For the HFL model, assume that a genotype is viable with probability p independent of all other genotypes, and inviable with probability 1 – p. For the purpose of this discussion, the exact fitness of a genotype is irrelevant, thus, without loss of generality, let the fitness of all viable and inviable genotypes be 1 and 0 respectively. Assume that all possible genotypes are ordered in an abstract genotype space in which the distance between the genotypes describes the probability or ease of transformation from one genotype to another. Distance 1 means that two genotypes can be transferred into each other through a single one-point mutation. Consider the space of all possible haploid genotypes with L loci and A alleles at each locus (note that for the purposes of this model, a diploid genotype with L loci can be represented as a haploid genotype with 2·L loci [11]; thus only haploid genotypes are considered for simplicity). The dimensionality of this genotype space is D = L·(A – 1), and the corresponding percolation threshold is pc = 1/D. Note that even for short (on biological scales) genotypes a relatively small value of p will result in an extensive network of high-fitness ridges extending through the genotype space (e.g. for L = 105 and A = 5, pc ≈ 20·10-7). The traditional picture of rugged highly-dimensional FLs is therefore misleading, as these landscapes are characterised by the existence of percolating nearly neutral networks. It can be shown [4, chap. 4] that if the fitness of the genotypes is not restricted to 1 or 0, a large number of such networks emerges, each containing genotypes from a narrow fitness band. Among these networks, those with high fitness are particularly important as adaptive walks along such networks can proceed very far without any substantial loss to fitness.

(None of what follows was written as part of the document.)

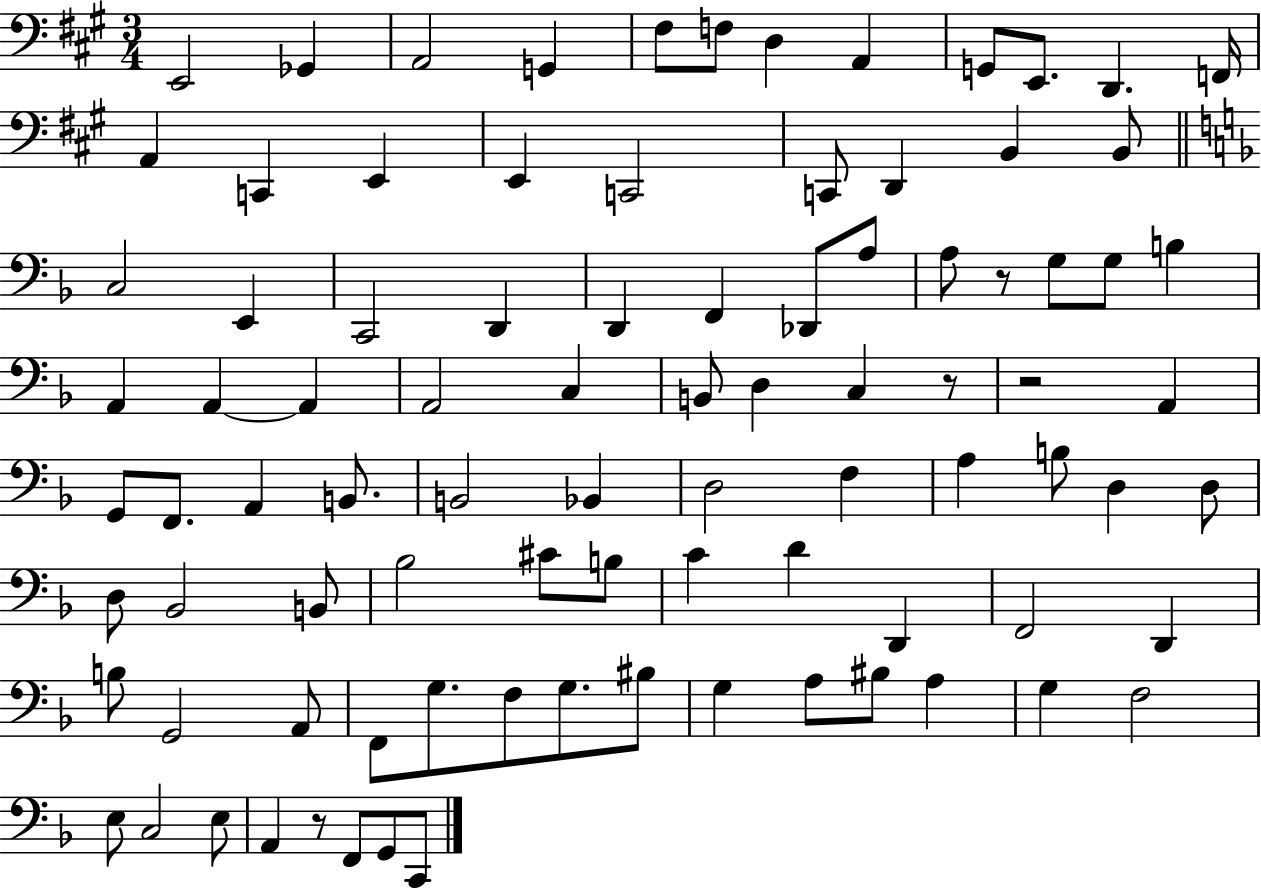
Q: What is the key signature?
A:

Holey Fitness Landscapes in simulations
A detailed in-depth discussion on Holey Fitness Landscapes can be found in [4]. There is a number of analytic models of adaptive radiation based on HFLs (e.g. see [4, part 1]), however, incorporating HFLs into individual-based simulation models presents significant difficulties. An analysis of these difficulties and a discussion of how they may be overcome has been published in [11]. That paper also provides a detailed numerical analysis of the HFL structure under a range of parameters. The strategy for incorporating HFLs into individual-based simulations presented in [11] enabled numerical work based on HFL generics to be undertaken. For instance, this work includes a numerical investigation [12] of HFL genetics ability for maintaining postzygotic reproductive isolation under migration and mixing. Similar ideas have also been applied outside traditional evolutionary biology. For instance, the potential of using HFL-like genetics for the prevention of premature convergence in evolutionary optimisation algorithms has been investigated [13].